Le caractère intentionnel de cette absence de déclaration est manifeste puisque la société ADAP international, assurant la maîtrise d'oeuvre du chantier, participant aux réunions de chantier et destinataire des courriers recommandés du maître d'ouvrage ne pouvait sincèrement déclarer qu'elle n'était mise en cause dans aucun sinistre.
Les difficultés relatives au niveau de la construction et aux difficultés d'accessibilité du garage ayant perduré tout au long de l'année 2006, la société ADAP international ne pouvait les ignorer au moment de la conclusion du contrat et c'est donc de mauvaise foi qu'elle a omis de signaler ces circonstances afin de ne pas se heurter à un refus d'assurance ou au paiement d'une cotisation supplémentaire.
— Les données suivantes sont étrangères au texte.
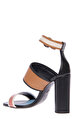 Lanvin Sandalet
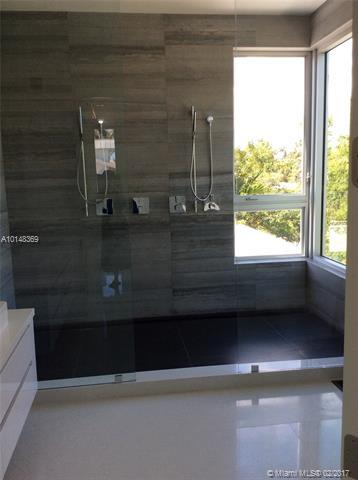 320 W Heather Dr, Key Biscayne, FL 33149 photo 12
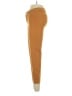 Old Navy Brown Jeans Size 0 - photo 5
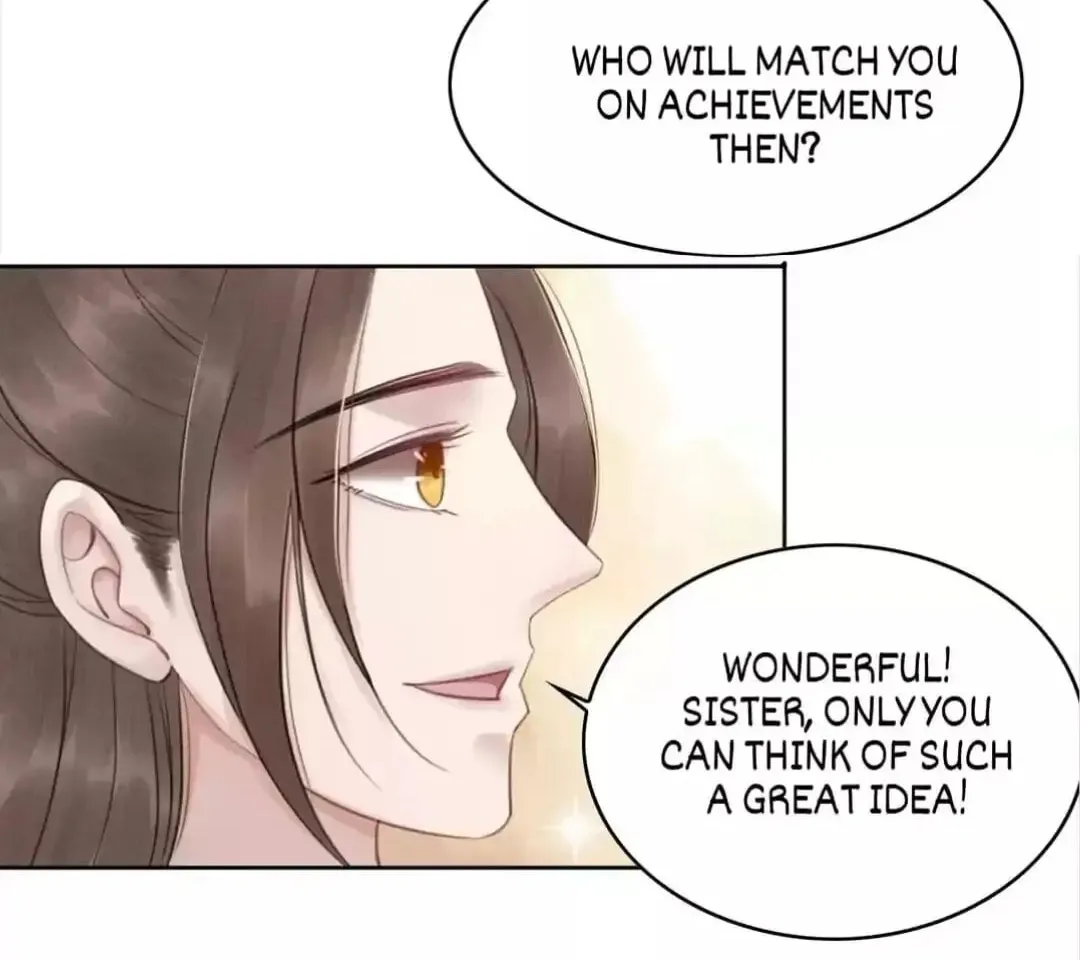 Don't Mess With My Sister (Colored) Chapter 33 page 10 - 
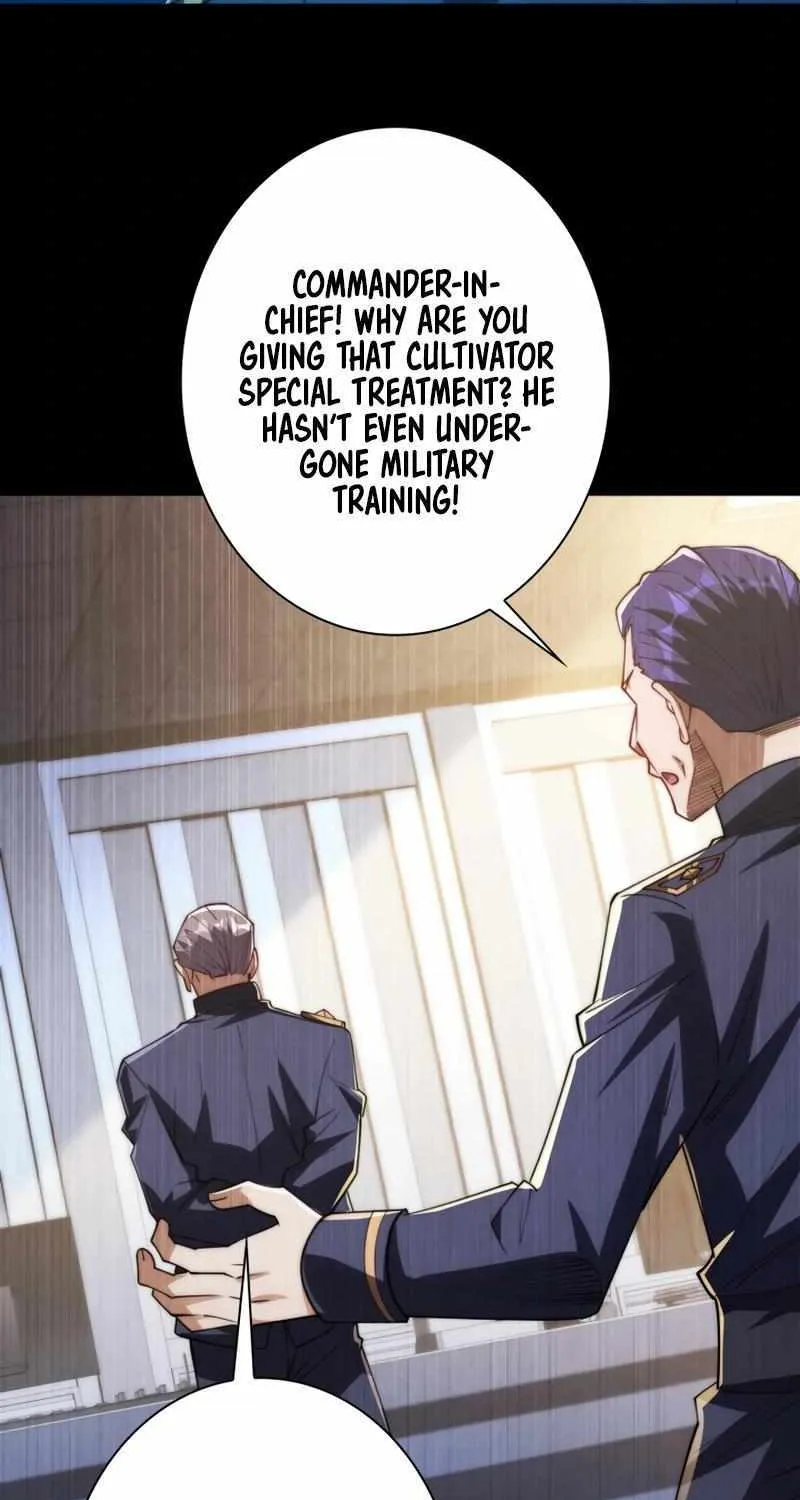 Chapter 16 — page 3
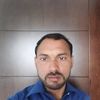 riaz0506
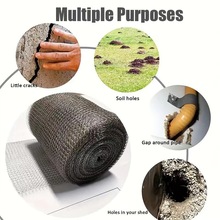 �S�����a���|���ټ��W���~�W���o늿ɼӹ����Ƽ�ͥ�@ˇ�����X�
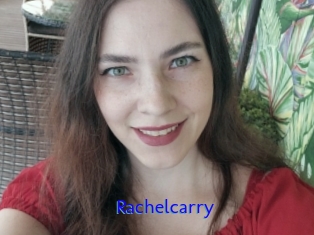 Rachelcarry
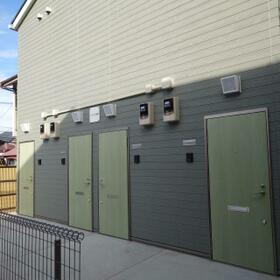 9/10 その他画像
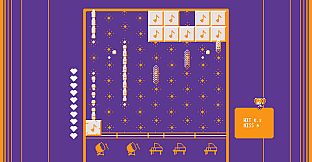 Reflector Rhythm Master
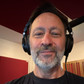 Profile image of Troy Duran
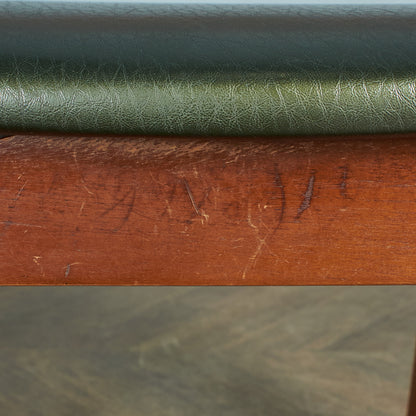 [68907][ジェンティーク Jentique]ヴィンテージ ダイニングチェア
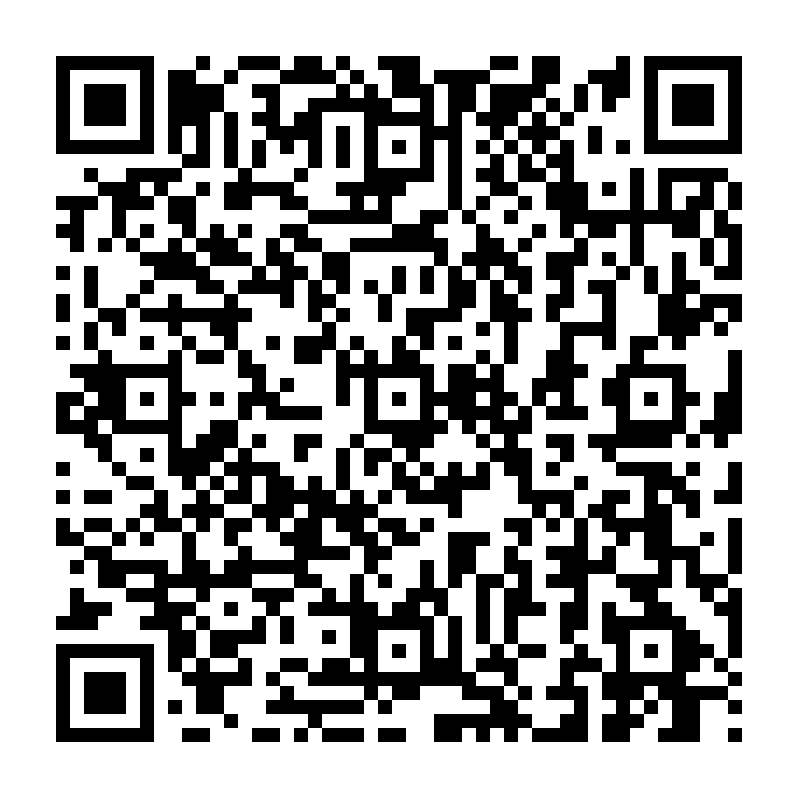 QR-kod
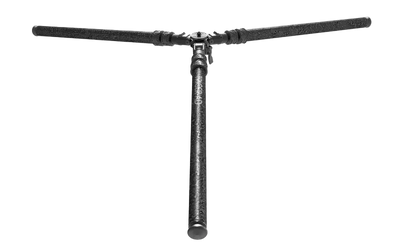 Tricer - AD Tripod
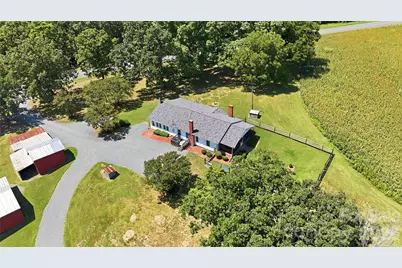 32492 & 32372 Hugh Road, Albemarle, NC 28001 - Photo 20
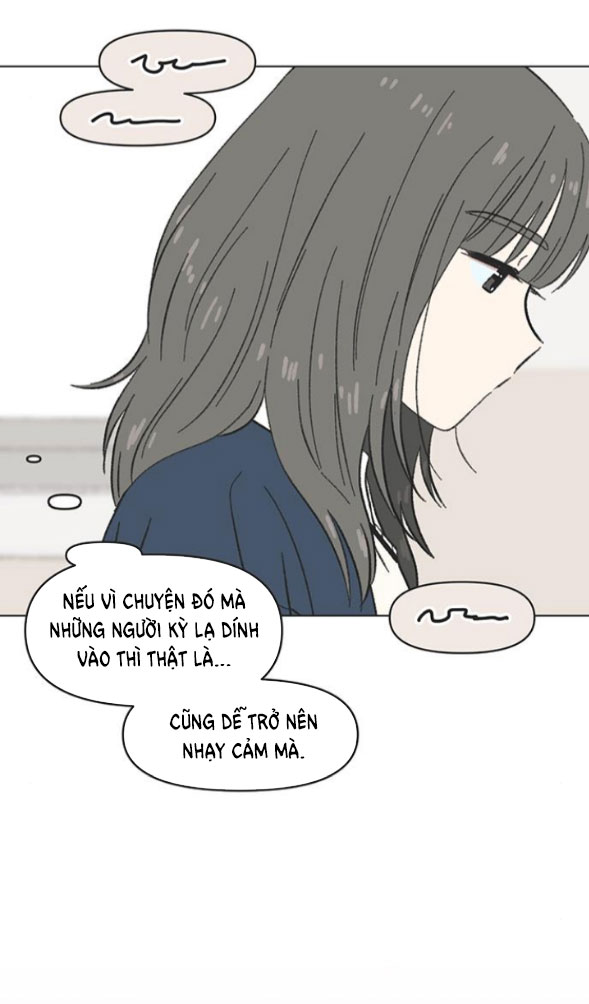 Thanh Xuân Đáng Yêu chapter 22.2 9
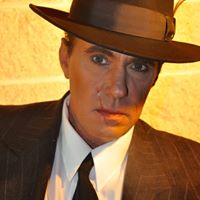 Robert Maples Photo 30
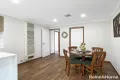 Property photo of 5 Bilkurra Street Queanbeyan West NSW 2620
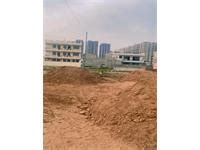 Residential Plot Land For Sale In Aero City Mohali P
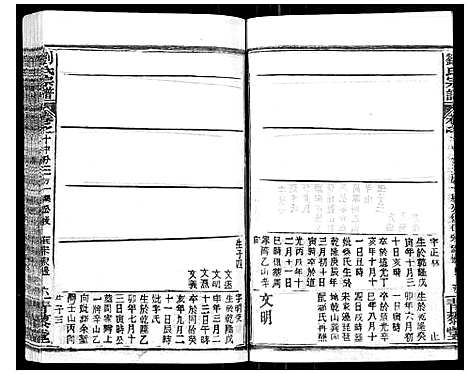 [下载][刘氏宗谱_21卷首2卷]江西.刘氏家谱_十.pdf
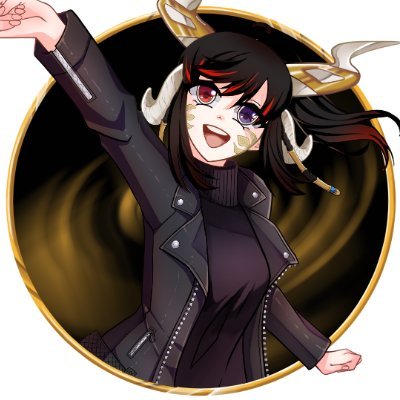 Memes // Touhou enjoyer // Music // Hardcore DJ since 2021 // Contact: danionvibit@gmail.com // He/Him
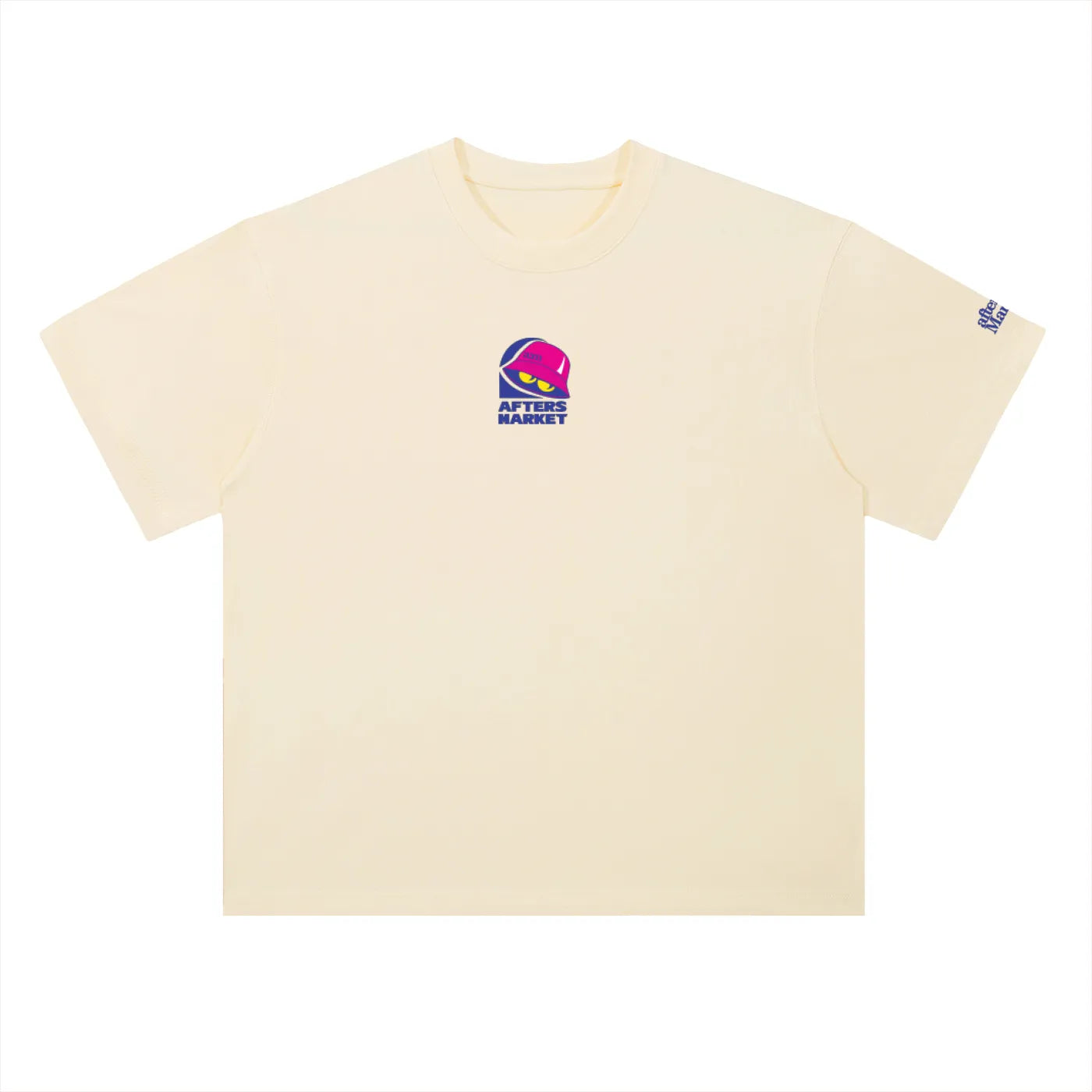 Zesty Fiesta T-Shirt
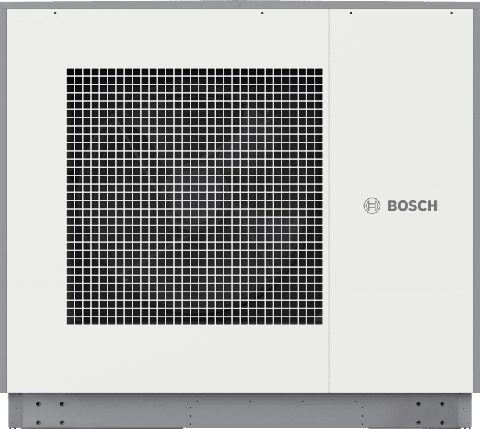 Bosch 22 kW CS5001AW 22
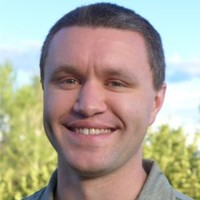 Bozeman Real Estate Group Employee Aaron Balian's profile photo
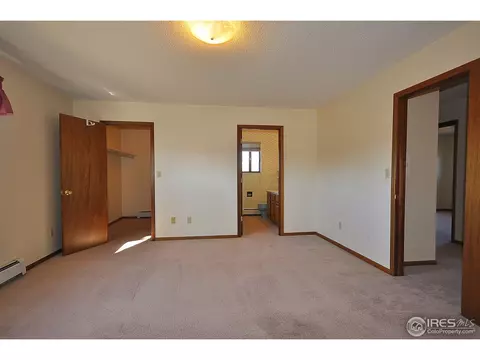 201 38th Ave, Greeley, CO 80634 photo 15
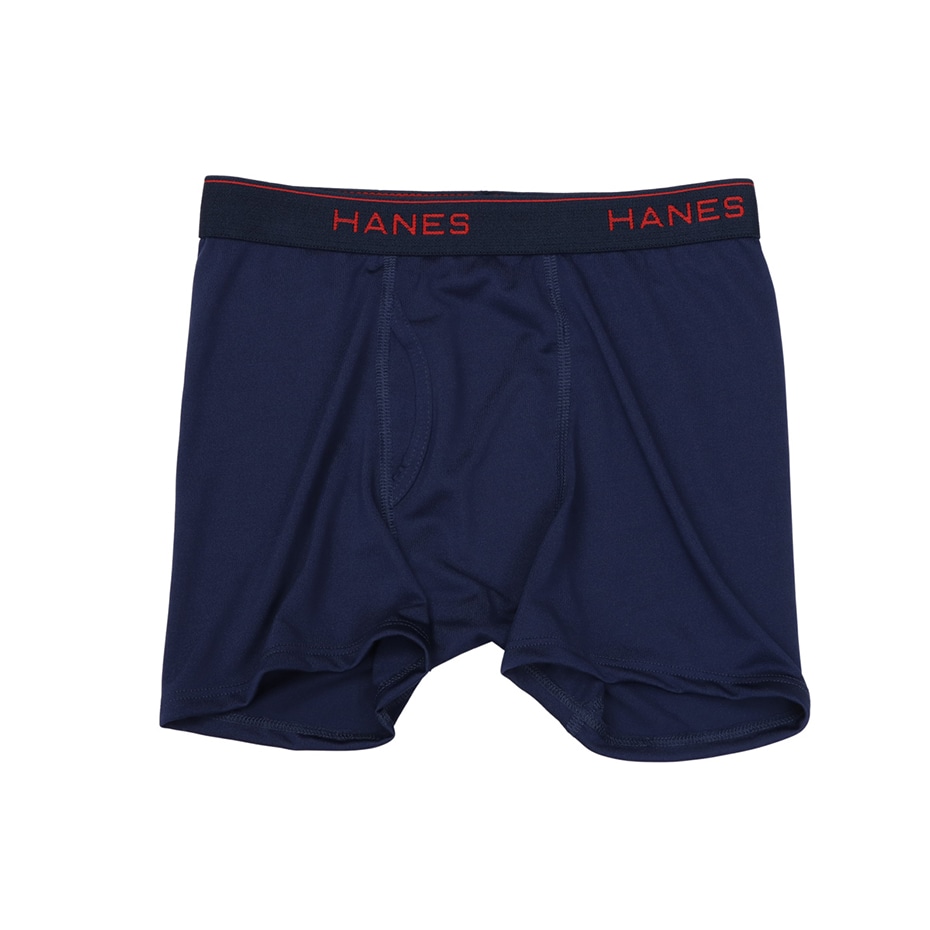 �L�b�Y 2���g X-TEMP�{�N�T�[�u���[�t 26SS �w�C���Y(HB6ED701)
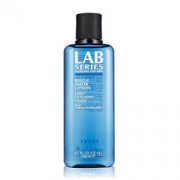LAB SERIES 朗仕 男士保湿爽肤水 200ml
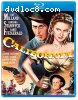 California [Blu-Ray]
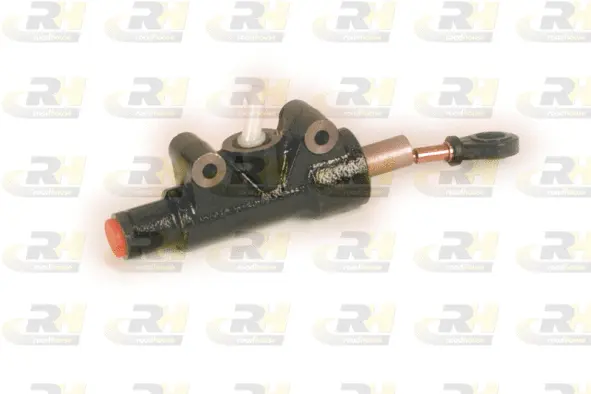 Master Cylinder, clutch (1619.44)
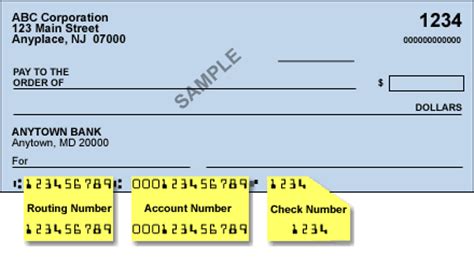 Do credit cards have routing numbers. ABA Routing Number | Kings Federal Credit Union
Le maître d'oeuvre ne pouvait pas, de bonne foi, penser échapper à la mise en jeu de sa responsabilité puisqu'il n'a remédié au désordre d'aucune manière ainsi que l'a constaté l'expert judiciaire.
Mal informée, la société Axa n'a pas contracté en toute connaissance de cause puisqu'elle n'a pu apprécier le risque qu'elle prenait en charge.
Les conditions de la nullité du contrat, aux termes de l'article L113'8 du code des assurances, sont remplies.
Le fait pour la société Axa d'avoir participé aux opérations d'expertise ne permet pas à Monsieur F... d'affirmer qu'elle a manifesté sans équivoque sa volonté de renoncer à invoquer la nullité de la police d'assurance. En effet la participation contradictoire aux accedits organisés par l'expert judiciaire permettait à la société Axa de préserver ses droits en formulant éventuellement toute observation technique ou de fait.
Il convient donc de prononcer la nullité du contrat d'assurance souscrit par la société ADAP international auprès de la société Axa France le 26 mars 2007 avec effet au 1er janvier 2007 et de réformer de ce chef le jugement.
En conséquence Monsieur F... devra rembourser à la société Axa France les sommes réglées en application de l'exécution provisoire ordonnée par le premier juge.
PAR CES MOTIFS
La cour,
Infirme le jugement uniquement en ce qu'il a :
' dit n'y avoir lieu à nullité du contrat d'assurance souscrit par la société ADAP international auprès de la société Axa France,
' condamné la société Axa France au paiement solidaire avec la société ADAP international des condamnations prononcées à l'encontre de celle-ci au profit de Monsieur F... dans la limite de la somme de 77'213 €,
' condamné la société Axa France au paiement d'une somme au titre de l'article 700 du code de procédure civile,
' condamné la société Axa France aux dépens.
Et statuant à nouveau sur les chefs infirmés,
Prononce la nullité du contrat d'assurance conclu entre la société Axa France et la SARL ADAP international le 26 mars 2007 avec effet au 1er janvier 2007.
Condamne Jean-Pierre F... à rembourser à la société Axa France les sommes qu'elle lui a réglées en exécution du jugement de première instance.
Dit n'y avoir lieu à application en faveur de la société Axa France de l'article 700 du code de procédure civile.
Condamne Jean-Pierre F... aux dépens de l'appel qui seront recouvrés par les avocats de la cause conformément à l'article 699 du code de procédure civile.